##### GIVEN ENTRIES

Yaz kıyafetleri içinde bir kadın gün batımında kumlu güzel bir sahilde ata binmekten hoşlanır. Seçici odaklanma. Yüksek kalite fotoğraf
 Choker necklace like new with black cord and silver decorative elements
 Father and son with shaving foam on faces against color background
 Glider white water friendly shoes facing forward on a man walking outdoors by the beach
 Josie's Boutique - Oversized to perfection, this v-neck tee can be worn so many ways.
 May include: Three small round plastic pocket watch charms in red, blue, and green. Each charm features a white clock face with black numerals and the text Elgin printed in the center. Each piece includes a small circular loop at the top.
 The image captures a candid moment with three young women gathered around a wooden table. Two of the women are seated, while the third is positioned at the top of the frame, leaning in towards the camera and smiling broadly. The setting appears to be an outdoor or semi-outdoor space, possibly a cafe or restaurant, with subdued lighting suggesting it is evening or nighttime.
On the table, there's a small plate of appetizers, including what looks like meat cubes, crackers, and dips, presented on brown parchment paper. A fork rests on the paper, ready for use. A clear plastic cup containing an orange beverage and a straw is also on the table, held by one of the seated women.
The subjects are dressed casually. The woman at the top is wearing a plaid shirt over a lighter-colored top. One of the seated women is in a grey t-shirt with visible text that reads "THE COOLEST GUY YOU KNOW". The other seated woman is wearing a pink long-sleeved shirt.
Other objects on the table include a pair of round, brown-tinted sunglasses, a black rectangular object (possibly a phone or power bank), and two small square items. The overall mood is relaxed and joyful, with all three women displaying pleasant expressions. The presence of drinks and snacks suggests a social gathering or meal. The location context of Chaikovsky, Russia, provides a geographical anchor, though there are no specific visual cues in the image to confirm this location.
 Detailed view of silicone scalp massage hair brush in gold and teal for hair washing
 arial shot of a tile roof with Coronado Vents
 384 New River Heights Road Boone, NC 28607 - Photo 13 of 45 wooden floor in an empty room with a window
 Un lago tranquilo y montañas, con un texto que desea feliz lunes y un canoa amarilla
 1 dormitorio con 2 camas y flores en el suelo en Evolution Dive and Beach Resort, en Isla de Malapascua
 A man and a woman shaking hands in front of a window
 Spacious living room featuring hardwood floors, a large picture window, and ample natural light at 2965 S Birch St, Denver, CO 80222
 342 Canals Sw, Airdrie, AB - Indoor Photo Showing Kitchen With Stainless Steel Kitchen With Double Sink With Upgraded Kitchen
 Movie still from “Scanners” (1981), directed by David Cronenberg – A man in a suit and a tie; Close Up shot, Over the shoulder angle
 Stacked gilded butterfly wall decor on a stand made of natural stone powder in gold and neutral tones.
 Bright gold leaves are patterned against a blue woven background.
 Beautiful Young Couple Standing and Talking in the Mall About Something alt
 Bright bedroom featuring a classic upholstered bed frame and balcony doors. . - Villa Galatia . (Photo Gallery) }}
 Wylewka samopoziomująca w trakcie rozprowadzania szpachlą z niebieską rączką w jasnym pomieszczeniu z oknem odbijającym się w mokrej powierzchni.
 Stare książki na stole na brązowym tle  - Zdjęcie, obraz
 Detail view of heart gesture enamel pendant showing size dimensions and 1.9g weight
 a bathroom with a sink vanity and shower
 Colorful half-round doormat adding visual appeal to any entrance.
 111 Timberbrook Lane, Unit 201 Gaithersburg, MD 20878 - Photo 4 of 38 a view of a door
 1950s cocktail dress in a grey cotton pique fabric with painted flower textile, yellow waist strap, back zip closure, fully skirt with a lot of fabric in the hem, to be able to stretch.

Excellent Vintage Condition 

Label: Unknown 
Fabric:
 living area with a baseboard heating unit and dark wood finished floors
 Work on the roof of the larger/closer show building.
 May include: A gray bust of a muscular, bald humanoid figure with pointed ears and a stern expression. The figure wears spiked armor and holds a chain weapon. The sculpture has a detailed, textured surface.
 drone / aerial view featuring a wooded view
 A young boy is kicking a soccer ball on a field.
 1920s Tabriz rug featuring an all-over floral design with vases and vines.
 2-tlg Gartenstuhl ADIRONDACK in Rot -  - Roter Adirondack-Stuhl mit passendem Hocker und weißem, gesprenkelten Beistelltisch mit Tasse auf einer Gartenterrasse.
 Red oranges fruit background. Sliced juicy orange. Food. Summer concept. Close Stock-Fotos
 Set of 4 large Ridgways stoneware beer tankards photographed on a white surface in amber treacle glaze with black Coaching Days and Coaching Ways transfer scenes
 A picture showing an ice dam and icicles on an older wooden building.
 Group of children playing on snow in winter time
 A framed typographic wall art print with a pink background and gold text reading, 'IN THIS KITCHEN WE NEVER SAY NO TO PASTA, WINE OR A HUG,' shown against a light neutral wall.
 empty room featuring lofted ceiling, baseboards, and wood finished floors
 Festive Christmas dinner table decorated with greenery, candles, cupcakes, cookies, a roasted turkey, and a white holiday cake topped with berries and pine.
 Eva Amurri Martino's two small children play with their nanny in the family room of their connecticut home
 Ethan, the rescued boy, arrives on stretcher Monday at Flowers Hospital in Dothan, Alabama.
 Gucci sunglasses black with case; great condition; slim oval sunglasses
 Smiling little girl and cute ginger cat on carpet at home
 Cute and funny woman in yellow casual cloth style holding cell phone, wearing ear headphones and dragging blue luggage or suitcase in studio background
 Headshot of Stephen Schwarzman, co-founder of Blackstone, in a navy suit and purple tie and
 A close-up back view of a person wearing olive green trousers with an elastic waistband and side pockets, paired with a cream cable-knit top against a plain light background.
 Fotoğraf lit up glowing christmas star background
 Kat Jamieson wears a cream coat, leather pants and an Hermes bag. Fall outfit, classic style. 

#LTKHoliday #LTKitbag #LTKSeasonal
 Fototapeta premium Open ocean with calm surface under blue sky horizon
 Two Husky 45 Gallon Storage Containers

##########

ABOUT THIS TASK:
Each line of the data must be set down again as it is.

TASK ANSWER:
Yaz kıyafetleri içinde bir kadın gün batımında kumlu güzel bir sahilde ata binmekten hoşlanır. Seçici odaklanma. Yüksek kalite fotoğraf
 Choker necklace like new with black cord and silver decorative elements
 Father and son with shaving foam on faces against color background
 Glider white water friendly shoes facing forward on a man walking outdoors by the beach
 Josie's Boutique - Oversized to perfection, this v-neck tee can be worn so many ways.
 May include: Three small round plastic pocket watch charms in red, blue, and green. Each charm features a white clock face with black numerals and the text Elgin printed in the center. Each piece includes a small circular loop at the top.
 The image captures a candid moment with three young women gathered around a wooden table. Two of the women are seated, while the third is positioned at the top of the frame, leaning in towards the camera and smiling broadly. The setting appears to be an outdoor or semi-outdoor space, possibly a cafe or restaurant, with subdued lighting suggesting it is evening or nighttime.
On the table, there's a small plate of appetizers, including what looks like meat cubes, crackers, and dips, presented on brown parchment paper. A fork rests on the paper, ready for use. A clear plastic cup containing an orange beverage and a straw is also on the table, held by one of the seated women.
The subjects are dressed casually. The woman at the top is wearing a plaid shirt over a lighter-colored top. One of the seated women is in a grey t-shirt with visible text that reads "THE COOLEST GUY YOU KNOW". The other seated woman is wearing a pink long-sleeved shirt.
Other objects on the table include a pair of round, brown-tinted sunglasses, a black rectangular object (possibly a phone or power bank), and two small square items. The overall mood is relaxed and joyful, with all three women displaying pleasant expressions. The presence of drinks and snacks suggests a social gathering or meal. The location context of Chaikovsky, Russia, provides a geographical anchor, though there are no specific visual cues in the image to confirm this location.
 Detailed view of silicone scalp massage hair brush in gold and teal for hair washing
 arial shot of a tile roof with Coronado Vents
 384 New River Heights Road Boone, NC 28607 - Photo 13 of 45 wooden floor in an empty room with a window
 Un lago tranquilo y montañas, con un texto que desea feliz lunes y un canoa amarilla
 1 dormitorio con 2 camas y flores en el suelo en Evolution Dive and Beach Resort, en Isla de Malapascua
 A man and a woman shaking hands in front of a window
 Spacious living room featuring hardwood floors, a large picture window, and ample natural light at 2965 S Birch St, Denver, CO 80222
 342 Canals Sw, Airdrie, AB - Indoor Photo Showing Kitchen With Stainless Steel Kitchen With Double Sink With Upgraded Kitchen
 Movie still from “Scanners” (1981), directed by David Cronenberg – A man in a suit and a tie; Close Up shot, Over the shoulder angle
 Stacked gilded butterfly wall decor on a stand made of natural stone powder in gold and neutral tones.
 Bright gold leaves are patterned against a blue woven background.
 Beautiful Young Couple Standing and Talking in the Mall About Something alt
 Bright bedroom featuring a classic upholstered bed frame and balcony doors. . - Villa Galatia . (Photo Gallery) }}
 Wylewka samopoziomująca w trakcie rozprowadzania szpachlą z niebieską rączką w jasnym pomieszczeniu z oknem odbijającym się w mokrej powierzchni.
 Stare książki na stole na brązowym tle  - Zdjęcie, obraz
 Detail view of heart gesture enamel pendant showing size dimensions and 1.9g weight
 a bathroom with a sink vanity and shower
 Colorful half-round doormat adding visual appeal to any entrance.
 111 Timberbrook Lane, Unit 201 Gaithersburg, MD 20878 - Photo 4 of 38 a view of a door
 1950s cocktail dress in a grey cotton pique fabric with painted flower textile, yellow waist strap, back zip closure, fully skirt with a lot of fabric in the hem, to be able to stretch.

Excellent Vintage Condition 

Label: Unknown 
Fabric:
 living area with a baseboard heating unit and dark wood finished floors
 Work on the roof of the larger/closer show building.
 May include: A gray bust of a muscular, bald humanoid figure with pointed ears and a stern expression. The figure wears spiked armor and holds a chain weapon. The sculpture has a detailed, textured surface.
 drone / aerial view featuring a wooded view
 A young boy is kicking a soccer ball on a field.
 1920s Tabriz rug featuring an all-over floral design with vases and vines.
 2-tlg Gartenstuhl ADIRONDACK in Rot -  - Roter Adirondack-Stuhl mit passendem Hocker und weißem, gesprenkelten Beistelltisch mit Tasse auf einer Gartenterrasse.
 Red oranges fruit background. Sliced juicy orange. Food. Summer concept. Close Stock-Fotos
 Set of 4 large Ridgways stoneware beer tankards photographed on a white surface in amber treacle glaze with black Coaching Days and Coaching Ways transfer scenes
 A picture showing an ice dam and icicles on an older wooden building.
 Group of children playing on snow in winter time
 A framed typographic wall art print with a pink background and gold text reading, 'IN THIS KITCHEN WE NEVER SAY NO TO PASTA, WINE OR A HUG,' shown against a light neutral wall.
 empty room featuring lofted ceiling, baseboards, and wood finished floors
 Festive Christmas dinner table decorated with greenery, candles, cupcakes, cookies, a roasted turkey, and a white holiday cake topped with berries and pine.
 Eva Amurri Martino's two small children play with their nanny in the family room of their connecticut home
 Ethan, the rescued boy, arrives on stretcher Monday at Flowers Hospital in Dothan, Alabama.
 Gucci sunglasses black with case; great condition; slim oval sunglasses
 Smiling little girl and cute ginger cat on carpet at home
 Cute and funny woman in yellow casual cloth style holding cell phone, wearing ear headphones and dragging blue luggage or suitcase in studio background
 Headshot of Stephen Schwarzman, co-founder of Blackstone, in a navy suit and purple tie and
 A close-up back view of a person wearing olive green trousers with an elastic waistband and side pockets, paired with a cream cable-knit top against a plain light background.
 Fotoğraf lit up glowing christmas star background
 Kat Jamieson wears a cream coat, leather pants and an Hermes bag. Fall outfit, classic style. 

#LTKHoliday #LTKitbag #LTKSeasonal
 Fototapeta premium Open ocean with calm surface under blue sky horizon
 Two Husky 45 Gallon Storage Containers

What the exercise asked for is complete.